Confesso que sempre fiquei um tanto confuso com o capítulo seguinte, “A conquista”, que parece versar sobre o aventureiro (denominado “conquistador”, numa provável reminiscência da leitura camusiana apaixonada de Malraux, por quem sempre teve a mais profunda admiração), outro tipo exemplar do homem absurdo. Não obstante, começa em tom confessional, e prossegue nesse tom mais pessoal, numa quebra evidente de discurso:

“Je n´ai beaucoup d´opinions. A la fin d´une vie, l´homme s´aperçoit qu´il a passé des années à s´assurer d´une seule vérité. Mais une seule, si elle est évidente, suffit à la conduit d´une existence…” ( Não tenho muitas opiniões. No fim da vida, o homem percebe que passou anos se assegurando de uma única verdade. Mas uma só, se evidente, basta para a condução de uma vida).

Logo a seguir, uma das mais famosas formulações (quase wittegensteiniana) de Camus (tão citada fora do contexto que virou um chavão vazio): “Um homme est plus um homme par les choses qu´il tait que par celles qu´il dit” (Um homem é mais homem pelas coisas que silencia do que pelas que diz).

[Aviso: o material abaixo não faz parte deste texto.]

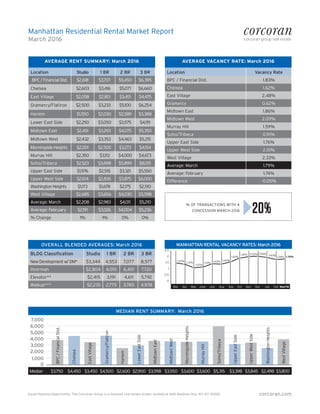 Manhattan Residential Rental Market Report
March 2016
Equal Housing Opportunity. The Corcoran Group is a licensed real estate broker located at 660 Madison Ave, NY, NY 10065. corcoran.com
MANHATTAN RENTAL VACANCY RATES: March 2016
0
0.5
1
1.5
2
2.5
Mar/16Oct NovAugMar Apr May June Sep Jan FebDecJuly
OVERALL BLENDED AVERAGES: March 2016
BLDG Classification Studio 1 BR 2 BR 3 BR
New Development w/ DM* $3,344 4,553 7,077 8,577
Doorman $2,804 4,010 6,410 7,720
Elevator** $2,415 3,191 4,611 5,792
Walkup*** $2,235 2,775 3,780 4,978
AVERAGE VACANCY RATE: March 2016
Location Vacancy Rate
BPC / Financial Dist. 1.83%
Chelsea 1.62%
East Village 2.48%
Gramercy 0.62%
Midtown East 1.86%
Midtown West 2.09%
Murray Hill 1.59%
Soho/Tribeca 0.91%
Upper East Side 1.76%
Upper West Side 2.10%
West Village 2.33%
Average: March 1.79%
Average: February 1.74%
Difference -0.05%
MEDIAN RENT SUMMARY: March 2016
% OF TRANSACTIONS WITH A
CONCESSION MARCH 2016 20%
2.06%
1.13%
1.81%
1.62%
1.37%
1.50%
2.02%
1.07%
1.79%1.90%
1.74%
AVERAGE RENT SUMMARY: March 2016
Location Studio 1 BR 2 BR 3 BR
BPC / Financial Dist. $2,618 $3,707 $5,450 $6,395
Chelsea $2,603 $3,416 $5,071 $6,660
East Village $2,058 $2,813 $3,413 $4,475
Gramercy/Flatiron $2,500 $3,233 $5,100 $6,254
Harlem $1,550 $2,030 $2,589 $3,388
Lower East Side $2,250 $3,050 $3,575 $4,119
Midtown East $2,451 $3,293 $4,075 $5,350
Midtown West $2,432 $3,353 $4,463 $5,215
Morningside Heights $2,001 $2,500 $3,273 $4,154
Murray Hill $2,350 $3,113 $4,000 $4,673
Soho/Tribeca $2,523 $3,698 $5,899 $8,015
Upper East Side $1,976 $2,515 $3,321 $5,550
Upper West Side $2,104 $2,836 $3,875 $6,000
Washington Heights $1,173 $1,678 $2,175 $2,510
West Village $2,685 $3,656 $4,030 $5,598
Average: March $2,208 $2,983 $4,011 $5,210
Average: February $2,191 $3,026 $4,004 $5,236
% Change 1% -1% 0% 0%
1.42% 1.40%
Median	 $3,750 	 $4,450 	 $3,450 	$4,500 	 $2,600 	$2,900 	 $3,598 	 $3,550 	 $3,600	 $3,600 	 $5,315 	 $3,398 	 $3,845 	 $2,498 	$3,800
5,000
4,000
3,000
2,000
1,000
0
EastVillage
Chelsea
Harlem
Gramercy/Flatiron
MidtownEast
LowerEastSide
MorningsideHeights
MidtownWest
SoHo/Tribeca
MurrayHill
UpperWestSide
UpperEastSide
WashingtonHeights
WestVillage
7,000
BPC/FinancialDist.
6,000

É interessante esse “desabafo” em meio ao livro, inclusive pelas posturas futuras de seu jovem autor, entre elas a problemática “recusa à história” que emerge das polêmicas em torno de O homem revoltado (1951, apenas uma década depois). Nele, lemos uma afirmação quase contrafeita: “Entre l´histoire et l´éternel, j´ai choisi l´histoire parce que j´aime les certitudes. D´elle du moins, je suis certain et comment nier cette force qui m´écrase?”(Entre a história e o eterno, escolhi a história porque gosto  das certezas. Dela, pelo menos, estou certo e como negar essa força que me esmaga?); ou seja, “privé de l´éternel, je veux m´allier aux temps” (privado do eterno, quero me aliar ao tempo).

E o parêntese termina de forma particularmente bela (quase como uma alerta aos leitores, um lembrete de que eram tempos de guerra, em que a contemplação precisa dar lugar à ação—falando claramente,  é de fato uma introdução do “tempo presente” na discussão abstrata), ainda que “datada”: “Je ne veux faire tenir dans mon compte ni nostalgie ni amertume et jê veux seulement y voir clair. Je vous le dis, demains vous serez mobilisé. Pour vous et pour moi, cela une libération. L´individu ne peut rien et pourtant il peut tout. Dans cette merveilleuse disponibilité vous comprenez pourquoi je l´exalte et l´ecrase à la fois. C´est le monde qui le broie et c´est moi qui le libère. Je le fournis de tous ses droits”.[15]

      De todo modo, ao contrário de Don Juan e do ator, ele não faz um retrato muito nítido ou convincente do “homem de ação”. Escreve belas fórmulas, entretanto: “J´installe ma lucidité au milieu de ce qui la nie” (Instalo minha lucidez em meio ao que a nega), “Oui, l´homme est sa propre fin. Et il est sa seule fin” (Sim, o homem é seu próprio fim. E é seu único fim), e temos a anedota (sempre as anedotas camusianas!) do último Carrara (que aparece anotada no primeiro volume dos Cadernos também): “Le dernier Carrara, prisonnier dans Padoue vidée par la peste, assiégée par les Vénitiens, parcourait en hurlant les salles de son palais désert: il appelait le diable et lui demandait la mort. C´était une façon de la surmonter” (O último Carrara, prisioneiro numa Pádua esvaziada pela peste, sitiada pelos venezianos, percorria aos berros as salas de seu palácio deserto: ele chamava o diabo e pedia-lhe a morte. Era uma maneira de a sobrepujar).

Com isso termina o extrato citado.